In some cases, benefits experts blame the difference on the fact that the spouse is often a woman. Women tend to use the health care system more as they move through their 20s and into middle age, especially if they have children. Conversely, men generally use it more later in life.

As a result, companies are rethinking spousal coverage. Although some employers expect to add surcharges for spousal coverage or are paying a smaller share of the bill for coverage that extends beyond the individual employee, a relatively small percentage of companies are planning to not cover spouses that can get benefits elsewhere.

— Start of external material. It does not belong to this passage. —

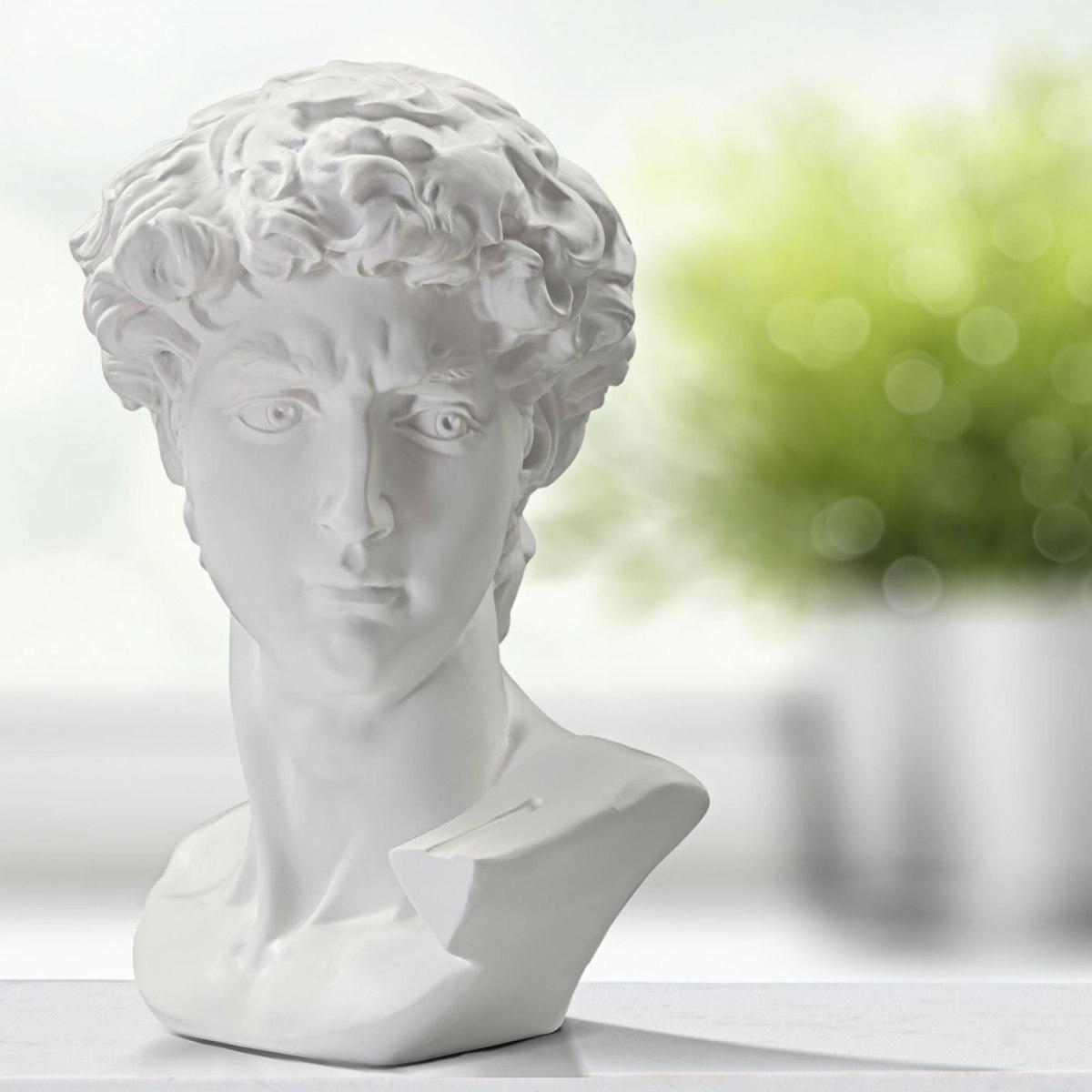 Scultura Testa Antica Bianca cm.44x35,5x60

UPS, for instance, announced this year that it plans to drop health insurance benefits for working spouses of its nonunion employees if they can get coverage elsewhere, starting Jan. 1. The Atlanta-based company, which employs about 323,000 people in the United States, estimates that 15,000 of the 33,000 spouses it covers will be dropped.

The University of Virginia also decided to drop coverage for spouses, starting Jan. 1, if the spouse has access through his or her own employer to affordable health care. The university's health plan covers about 20,000 people.

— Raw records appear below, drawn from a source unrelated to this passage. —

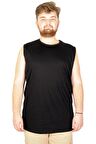Mode XL Battal Beden Erkek Kolsuz Tshirt Düz 20003 Siyah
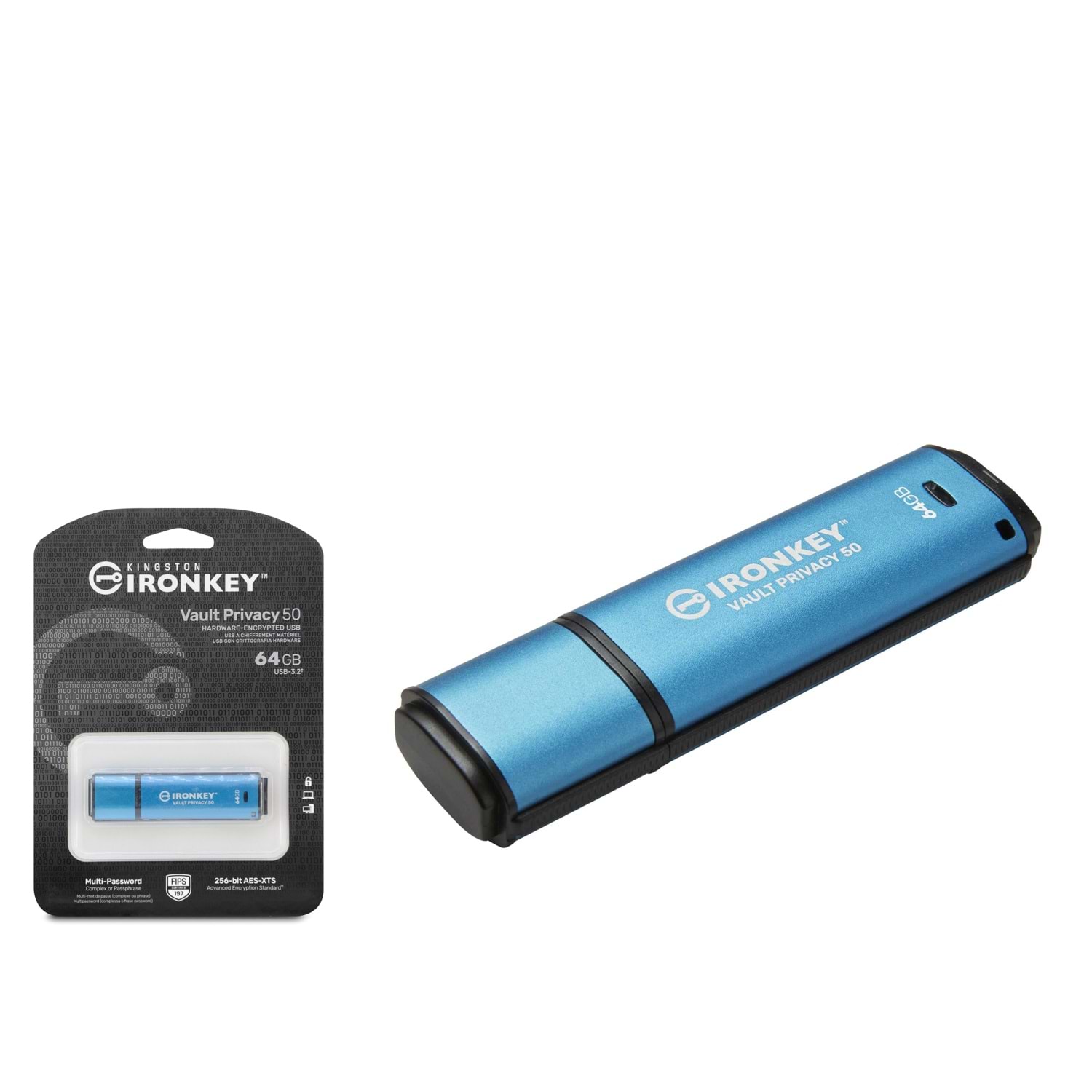 KINGSTON IKVP50C 64 GB USB Type-C 3.2 Gen 1 IronKey Vault Privacy 50C Flash Bellek Mavi
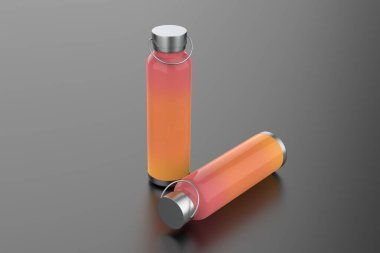 Yeniden kullanılabilir, çelik termos su şişesinin yakın çekimi, beyaz arka planda izole edilmiş. Plastik tek kullanımlık şişeye hayır de. 3d illüstrasyon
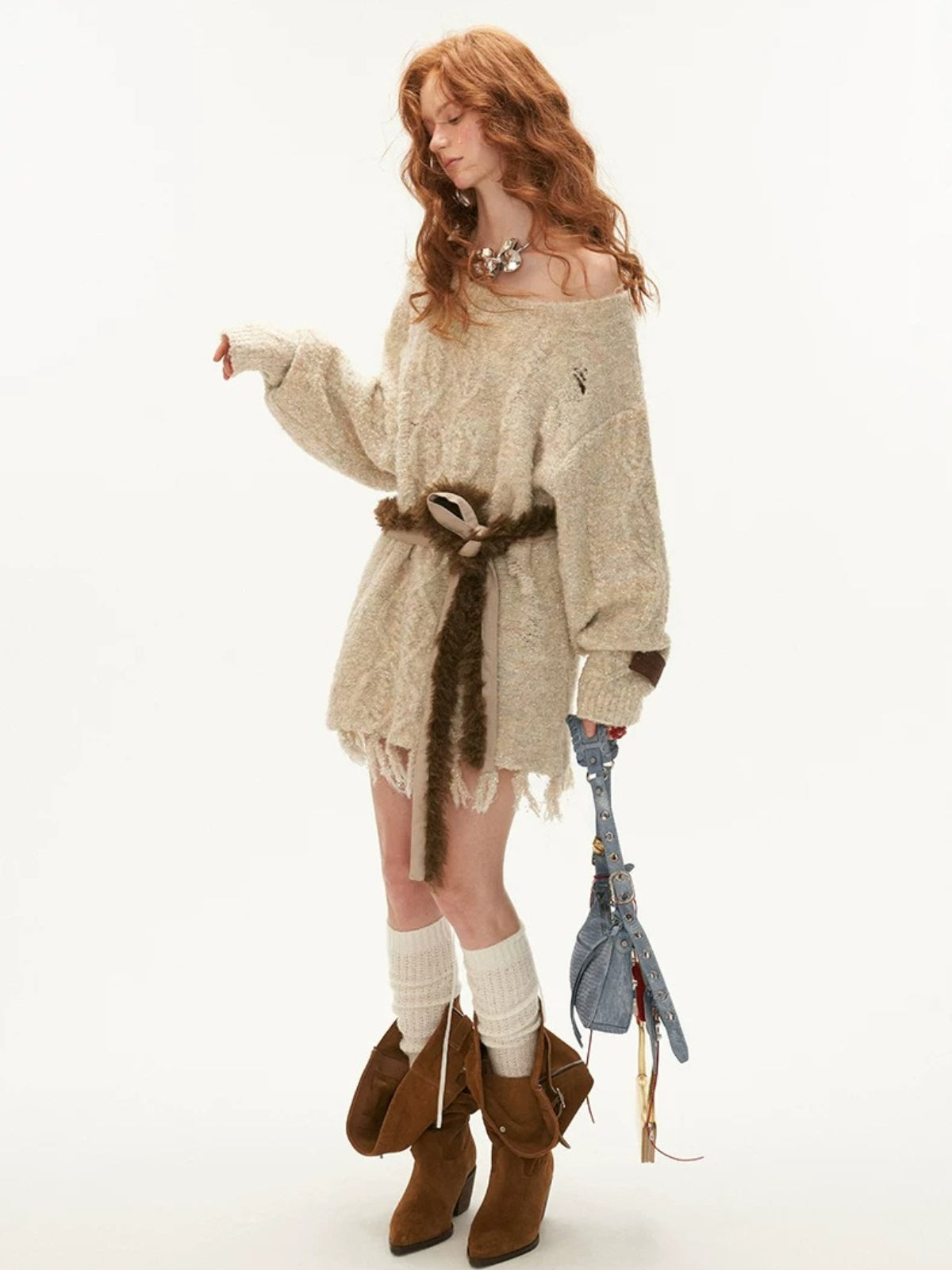 Off-Shoulder Fringe Knit Sweater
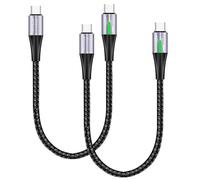 TECHGEAR USB C to USB C Charger Cable, [0.3+0.3m] 240W PD3.1 Type C Super Fast Charging LED Light Indicator Cable for MacBook Pro, Dell, HP, Asus, Acer Laptop, iPad Pro/Air, S25 S24, iPhone 17 16 etc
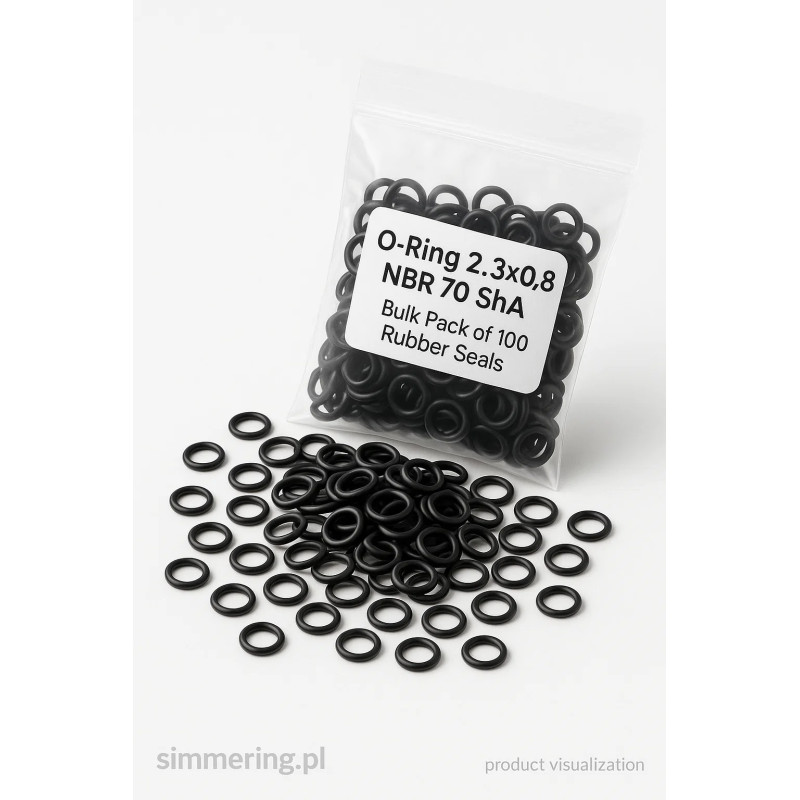Oring 2,3×0,8 NBR 70 ShA – uszczelka gumowa w opakowaniu 100 szt.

McGregor McCance, a spokesman for the University of Virginia, said that the university "wants to take steps today that can help it provide good benefits in the future but also contain the rising costs caused by a variety of sources."

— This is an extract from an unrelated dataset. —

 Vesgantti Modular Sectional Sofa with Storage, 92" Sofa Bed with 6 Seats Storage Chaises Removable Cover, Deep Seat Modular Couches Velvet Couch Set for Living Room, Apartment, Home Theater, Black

The exclusion of spouses will likely grow faster among smaller employers. Those companies have faced big cost hikes in recent years, in part because they have less negotiating leverage over the premiums they pay. They are more likely to be aggressive in corralling costs.


But overall, companies have to consider spousal exclusions carefully before taking such a step, said Randall Abbott, a senior health care consultant with Towers Watson.

"You can't just do what everybody else does," he said. "You have to step back and say, 'What would this mean to my employee population?' It's a pretty complicated decision."